Judgment is overrated. The fact of the matter is, we have not been “here” before–the landscape of flight test is changing. The tools we use to accomplish development of experimental aircraft are different and new. We are breaking new barriers, technologically, and we won’t know we’ve arrived at our waypoint unless we establish concrete criteria for evaluation. Not deciding ahead of time–claiming that we’ll use our engineering judgment–is a recipe for getting lost.
This is a VFR chart, a planning tool for pilots. Before a pilot sets out on a cross country flight, he must determine how he is going to get from point A to point B.

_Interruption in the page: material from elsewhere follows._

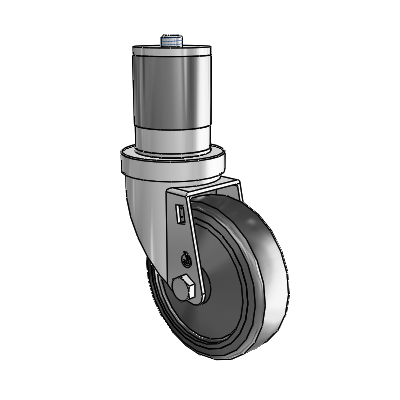 30 Series Expanding Adapter Zinc Swivel Caster with 4 x 1.25 Hard Rubber Wheel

Once enroute, the pilot evaluates his progress along the intended course using a clock, the map, and the ground. Each of these permits quantitative measure, but they also highlight a characteristic of the use of analytical tools…and using them with judgment.
The intent of the pilot–and the intent with which we must lead through times of change in flight test–is to remain on course. Zero error is the target, although unstated and unexpected. Let me illustrate.
At thirteen minutes and thirty seconds into the flight, when the pilot sees that this much time has elapsed, he examines the map, the plan of execution, to see where he should be…at fourteen minutes into the flight.
He chooses a time in space slightly ahead of where he will be, to accomodate looking forward and navigating while flying. But it is an exact time, an exact place on the map.
I interrupt the narrative again to reemphasize the first distinction in the use of analytical tools. They are not used with judgment. They are used with concrete criteria. When a decision is made, a line must be drawn in the sand upon which the decision is based and can be communicated, concretely, to others.
The plan is the first draft of these concrete criteria. We have the sophistication, both technologically and intellectually, to adapt the plan when criteria are not met, but that is a discussion that we’ll continue in later posts.
We must plan to navigate through an exact time and place in our future. This is the challenge of leadership and the requirement for vision.
Any analytical tool that does not permit recursive and iterative adaptation, the art of navigation, does not belong in our kit.